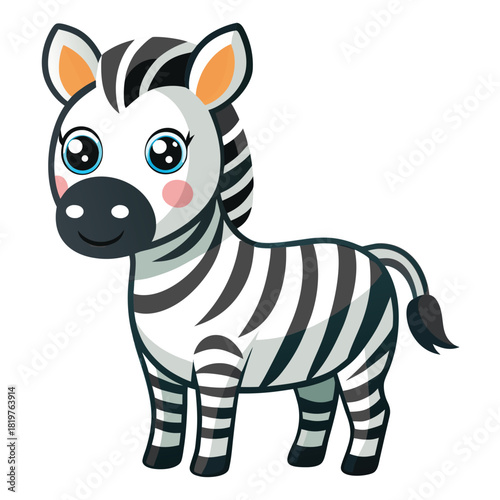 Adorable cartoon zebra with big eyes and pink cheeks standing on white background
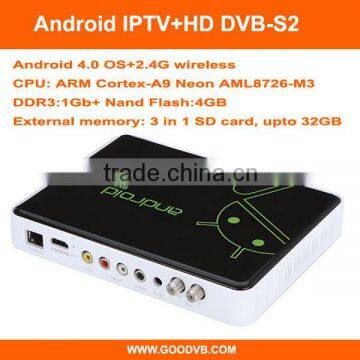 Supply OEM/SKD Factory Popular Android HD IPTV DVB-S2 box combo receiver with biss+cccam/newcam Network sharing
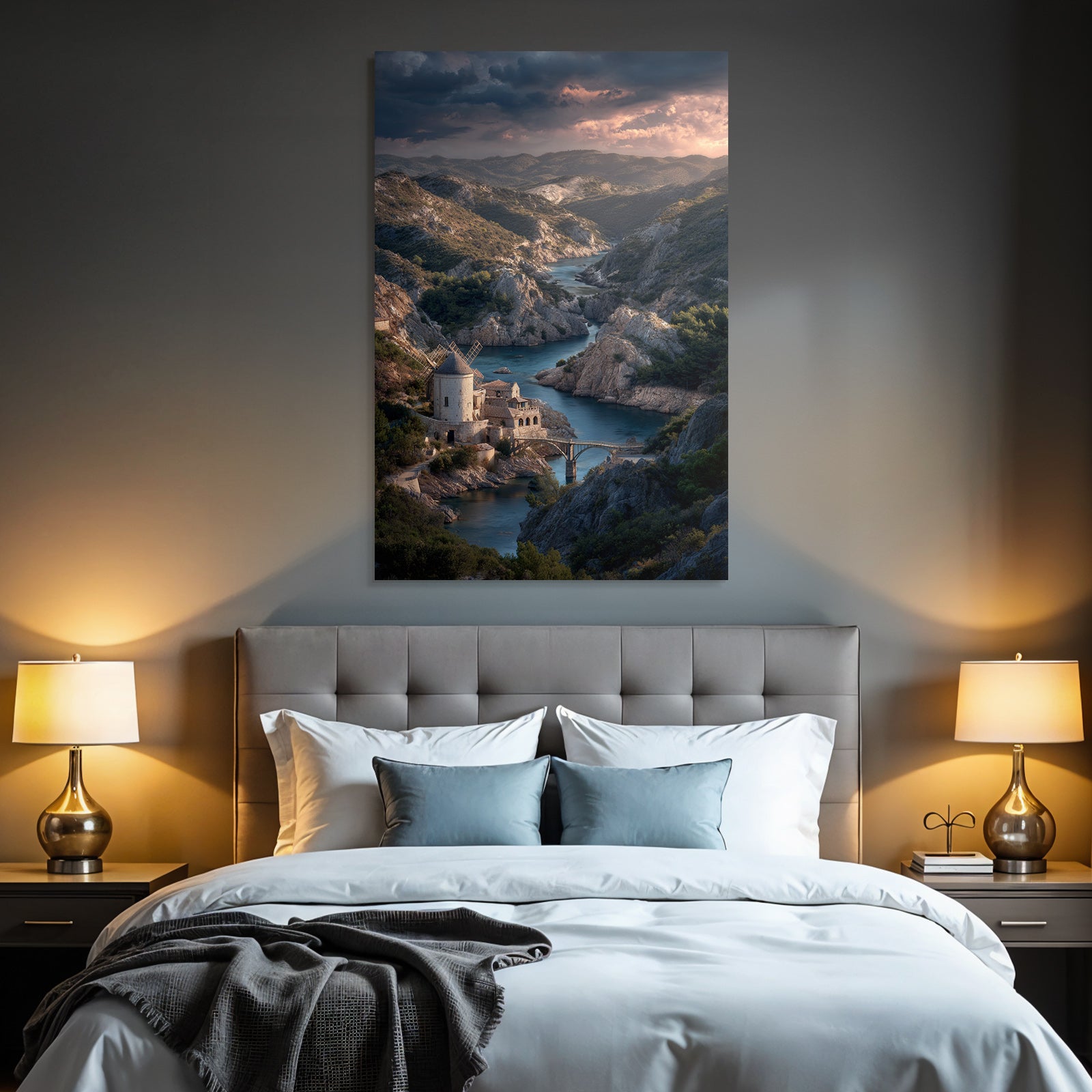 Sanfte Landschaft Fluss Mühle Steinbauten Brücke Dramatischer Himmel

□ □ □ □ □ □ □

• The task:
Each line from the one containing "Supply OEM/SKD Factory" through the last line of the listing is to be given again exactly, with no pictures and no other lines.

• Answer for the task:
 Supply OEM/SKD Factory Popular Android HD IPTV DVB-S2 box combo receiver with biss+cccam/newcam Network sharing
 Sanfte Landschaft Fluss Mühle Steinbauten Brücke Dramatischer Himmel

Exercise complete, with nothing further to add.